As parents, how can we aim to ensure our child has a “rich” treasure trove of wonderful and positive memories of spending time with us?
Make the most of their time with us. Ensure that all opportunities of spending time with them is utilized. The daily trips to school and back can be opportunities for you to spend quality time with your child. Their trips to their after school activities are also great opportunities for some quality time with them.
Be creative and plan a movie evening at home with them and order food from their favourite place. I did this once with my kids and ten years later, they still talk about it with pleasure. Spending time with your children once in a while in this way, without conditions and regulations is enjoyed with great excitement by children, because it is away from regular routines and it gives them fun time with you.
Sit with them and take a trip down memory lane by looking through family albums that you know they may enjoy, eg: their baby snaps. Of course, you can add to the fun by sharing a scoop of their favourite ice cream!

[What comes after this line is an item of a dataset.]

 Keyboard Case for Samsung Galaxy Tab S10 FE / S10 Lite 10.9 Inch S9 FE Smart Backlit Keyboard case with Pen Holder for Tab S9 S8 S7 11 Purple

Limit viewing the television at home. Anyway, thanks to the internet, you are never short of entertainment and news and viewing television for long hours would only erode the time you can other wise spend with family or put to effective use. Play indoor or outdoor games with children, participate in craft work with them (if they like it, of course), take them to the playground or make fun opportunities to nurture their talents – for eg: if your child enjoys singing, have a karoake session with family. Even if the family may not be keen to join in, they would make a great encouraging audience. If your child is into bowling, if possible, go for a weekly or monthly bowling session with just the two of you or with the family.
Discuss with them your day (after you ask theirs) and you’d be surprised just how wise and interesting your children are.
Be spontaneous! Go for a drive and a picnic. If preparing food for the picnic will take time, don’t bother about the cooking. Some snacks like sandwiches, muffins and biscuits would do too. If it is food you require, call up a cafe or restaurant and have food delivered to the park after your drive and just take the mat, paper plates and other articles for the picnic from home. Sit down under a shady tree with your children, enjoy your food and the fresh air.
Share with them anecdotes on how funny you may been as a child. Kids love to hear how funny or silly their parents may have been when they were children.
Joke about the times when they were at their funny best and narrate the anecdotes, preferably with your spouse – guaranteed to provide lovely family memories.
For movie viewing, a trip to the theatre would be a great idea to spend time and enjoy the experience. Go for a movie that you’re sure they are likely to enjoy. I will never forget the children’s movie, “Racing Stripes” and I doubt my children will. It was a surprise that I had planned for them when they were around 3 and 6 and until they saw the posters in the theatre they had no clue where I was taking them. The look of pleasure and surprise on their faces was priceless!
Help them organise their study or room. This is one activity that allows you to spend not just time with your child but help the child become more independent and responsible.
Having at least one meal in a day together as a family not only helps you to be in touch with children and vice versa, but it is also a way of creating a scheduled time in the day that is “pure family time”.
So before you make your next purchase for your child, pause and think of its value for the child. Your child may merely experience the fleeting joy of getting something without truly needing it. Instead, plan ways of spending some quality time with your child – get to know your offspring.
We all would like to provide the best for our child, but in the process we need to remember that as parents, our role in their memory of their childhood days are too powerful to ignore.
Charles R Swindoll once said,
“Everyday of our lives we make deposits in the memory banks of our children”
Enjoy the pleasure of their company when you can for there will be a time when they are busy with college and leading their own lives.
There would be a time in their life, that would test what memories you gave them, for them to make their children’s journey of life too, enriching and joyful.